| argocd | ||
| base | ||
| charts | ||
| DNS_ENTRIES.md | ||
| PREREQUISITES.md | ||
| README.md | ||
| RUNBOOK.md | ||
| SOW-TASK-LIST.md | ||
Confluent Platform on OpenShift — GitOps Deployment
Fully automated multi-cluster deployment of Confluent Platform on OpenShift using ArgoCD, Helm charts, and CFK (Confluent for Kubernetes) operator.
Architecture Overview
West Region East Region
(3-5ms intra-region) (3-5ms intra-region)

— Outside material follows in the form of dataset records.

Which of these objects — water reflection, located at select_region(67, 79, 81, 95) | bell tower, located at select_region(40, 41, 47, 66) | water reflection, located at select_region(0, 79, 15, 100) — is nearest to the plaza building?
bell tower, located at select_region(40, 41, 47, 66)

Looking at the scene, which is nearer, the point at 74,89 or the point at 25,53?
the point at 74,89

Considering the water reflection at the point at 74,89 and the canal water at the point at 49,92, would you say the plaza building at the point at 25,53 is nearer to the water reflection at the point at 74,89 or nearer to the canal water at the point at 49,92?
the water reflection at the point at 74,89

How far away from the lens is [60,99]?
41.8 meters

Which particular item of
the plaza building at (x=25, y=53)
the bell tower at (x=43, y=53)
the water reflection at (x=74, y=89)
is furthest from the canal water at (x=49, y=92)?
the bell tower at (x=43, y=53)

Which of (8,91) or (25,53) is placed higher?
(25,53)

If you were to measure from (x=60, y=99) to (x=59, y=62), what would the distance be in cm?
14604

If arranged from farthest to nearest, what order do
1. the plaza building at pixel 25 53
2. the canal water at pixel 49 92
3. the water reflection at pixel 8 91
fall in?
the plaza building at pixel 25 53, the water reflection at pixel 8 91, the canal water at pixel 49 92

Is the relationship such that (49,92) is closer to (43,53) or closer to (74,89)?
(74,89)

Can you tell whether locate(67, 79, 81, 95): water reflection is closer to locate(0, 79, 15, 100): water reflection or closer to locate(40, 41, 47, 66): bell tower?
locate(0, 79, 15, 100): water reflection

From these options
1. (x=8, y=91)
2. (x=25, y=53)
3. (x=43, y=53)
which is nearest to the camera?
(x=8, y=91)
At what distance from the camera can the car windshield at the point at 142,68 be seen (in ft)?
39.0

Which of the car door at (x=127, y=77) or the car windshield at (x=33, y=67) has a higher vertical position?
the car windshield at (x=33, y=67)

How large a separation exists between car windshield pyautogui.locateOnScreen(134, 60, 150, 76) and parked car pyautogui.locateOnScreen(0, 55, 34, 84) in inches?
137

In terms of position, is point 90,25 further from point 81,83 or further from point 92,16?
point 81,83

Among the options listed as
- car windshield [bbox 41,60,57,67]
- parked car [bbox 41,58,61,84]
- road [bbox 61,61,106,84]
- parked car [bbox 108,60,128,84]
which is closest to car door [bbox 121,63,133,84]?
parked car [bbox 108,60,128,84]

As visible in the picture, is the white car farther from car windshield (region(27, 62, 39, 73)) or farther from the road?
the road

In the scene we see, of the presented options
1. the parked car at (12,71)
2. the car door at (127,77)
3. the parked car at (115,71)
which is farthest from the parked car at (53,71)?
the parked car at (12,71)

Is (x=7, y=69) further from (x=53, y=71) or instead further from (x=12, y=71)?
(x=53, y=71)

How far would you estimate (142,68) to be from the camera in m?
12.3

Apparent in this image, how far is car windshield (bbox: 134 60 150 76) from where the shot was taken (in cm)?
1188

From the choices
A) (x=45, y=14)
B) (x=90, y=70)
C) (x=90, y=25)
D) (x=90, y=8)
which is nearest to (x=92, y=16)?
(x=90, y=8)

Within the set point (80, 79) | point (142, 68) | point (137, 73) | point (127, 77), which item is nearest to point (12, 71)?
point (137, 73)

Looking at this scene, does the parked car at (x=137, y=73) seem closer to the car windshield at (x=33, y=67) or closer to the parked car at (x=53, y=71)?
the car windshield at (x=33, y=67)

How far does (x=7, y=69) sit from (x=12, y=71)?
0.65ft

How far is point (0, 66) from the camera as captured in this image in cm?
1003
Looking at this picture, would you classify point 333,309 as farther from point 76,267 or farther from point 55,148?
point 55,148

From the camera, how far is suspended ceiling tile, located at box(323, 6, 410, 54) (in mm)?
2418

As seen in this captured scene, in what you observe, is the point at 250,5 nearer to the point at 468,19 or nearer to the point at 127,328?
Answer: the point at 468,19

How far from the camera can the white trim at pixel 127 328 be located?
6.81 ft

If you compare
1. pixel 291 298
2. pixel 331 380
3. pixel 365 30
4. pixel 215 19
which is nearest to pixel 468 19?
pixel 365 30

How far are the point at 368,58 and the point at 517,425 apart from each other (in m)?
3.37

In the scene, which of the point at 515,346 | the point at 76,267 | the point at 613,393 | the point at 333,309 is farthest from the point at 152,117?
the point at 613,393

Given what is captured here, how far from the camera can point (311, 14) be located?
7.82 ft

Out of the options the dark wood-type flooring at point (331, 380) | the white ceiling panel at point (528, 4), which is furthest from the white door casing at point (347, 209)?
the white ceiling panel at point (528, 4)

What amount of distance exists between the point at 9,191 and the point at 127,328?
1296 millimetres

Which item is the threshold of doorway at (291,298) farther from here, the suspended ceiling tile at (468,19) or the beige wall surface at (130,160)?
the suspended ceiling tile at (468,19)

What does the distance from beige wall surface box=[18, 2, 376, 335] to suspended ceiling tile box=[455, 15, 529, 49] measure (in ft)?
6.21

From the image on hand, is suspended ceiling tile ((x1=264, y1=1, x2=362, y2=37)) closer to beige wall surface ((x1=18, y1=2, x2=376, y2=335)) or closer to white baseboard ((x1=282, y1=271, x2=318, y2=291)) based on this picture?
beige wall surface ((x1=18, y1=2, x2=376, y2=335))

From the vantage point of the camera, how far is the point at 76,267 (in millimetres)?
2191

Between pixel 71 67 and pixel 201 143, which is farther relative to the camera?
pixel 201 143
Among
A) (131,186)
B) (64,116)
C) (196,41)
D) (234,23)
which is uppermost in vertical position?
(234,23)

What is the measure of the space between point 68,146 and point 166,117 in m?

┌──────────────┬──────────────┐ ┌──────────────┬──────────────┐
│ dc-west-1 │ dc-west-2 │ │ dc-east-1 │ dc-east-2 │
│ (rack1) │ (rack2) │ │ (rack1) │ (rack2) │
│ │ │ │ │ │
│ KRaft (1) │ KRaft (1) │ │ KRaft (1) │ KRaft (1) │
│ Kafka 0,1,2 │ Kafka │ │ Kafka 0,1,2 │ Kafka │
│ │ 100,101,102 │ │ │ 100,101,102 │
│ Schema Reg │ Schema Reg │ │ Schema Reg │ Schema Reg │
│ REST Proxy │ REST Proxy │ │ REST Proxy │ REST Proxy │
│ Connect │ Connect │ │ Connect │ Connect │
│ ControlCenter│ ControlCenter│ │ ControlCenter│ ControlCenter│
│ │ │ │ │ │
│ CFK Operator│ CFK Operator│ │ CFK Operator│ CFK Operator│
└──────┬───────┴──────┬───────┘ └──────┬───────┴──────┬───────┘
│ Cluster │ │ Cluster │
│ Linking │ │ Linking │
└──────────────┘ └──────────────┘
│ Cross-Region │
│ Cluster Linking │
│ (30-40ms async) │
└────────────────────────────────────────┘
Each OCP cluster runs a complete Confluent Platform stack. Clusters within a region are linked for synchronous-like replication (intra-region). Clusters across regions are linked for async DR replication (cross-region).
Repository Structure
.
├── README.md # This file
├── PREREQUISITES.md # What must be in place before GitOps
├── RUNBOOK.md # Operational findings and lessons learned
├── DNS_ENTRIES.md # Required DNS entries per cluster
│
├── argocd/ # ArgoCD Application definitions
│ ├── applicationset-cfk-operator.yaml
│ ├── applicationset-infra.yaml
│ └── applicationset-kafka.yaml
│
├── base/ # Per-cluster Helm values
│ ├── garland-infra.yaml # dc-west-1 infrastructure values
│ ├── garland-kafka.yaml # dc-west-1 Kafka stack values
│ ├── louisville-infra.yaml # dc-west-2 infrastructure values
│ ├── louisville-kafka.yaml # dc-west-2 Kafka stack values
│ ├── sterling-infra.yaml # dc-east-1 infrastructure values
│ ├── sterling-kafka.yaml # dc-east-1 Kafka stack values
│ ├── manassas-infra.yaml # dc-east-2 infrastructure values
│ └── manassas-kafka.yaml # dc-east-2 Kafka stack values
│
└── charts/
├── cluster-infra/ # Helm chart: cluster prerequisites
│ ├── Chart.yaml
│ ├── values.yaml
│ └── templates/
│ ├── namespace.yaml # confluent namespace
│ ├── scc.yaml # Custom SCC (UID 1001)
│ ├── storageclass.yaml # NFS CSI StorageClass
│ ├── metallb.yaml # MetalLB IPAddressPool + L2Advertisement
│ └── pull-secret.yaml # Docker Hub pull secret
│
└── confluent-kafka/ # Helm chart: Confluent Platform stack
├── Chart.yaml
├── values.yaml
└── templates/
├── kraftcontroller.yaml # KRaft controller with deterministic clusterID
├── kafka.yaml # Kafka brokers with ID offset + rack awareness
├── schemaregistry.yaml # Schema Registry
├── restproxy.yaml # REST Proxy
├── connect.yaml # Kafka Connect
├── controlcenter.yaml # Control Center (300s probe delay)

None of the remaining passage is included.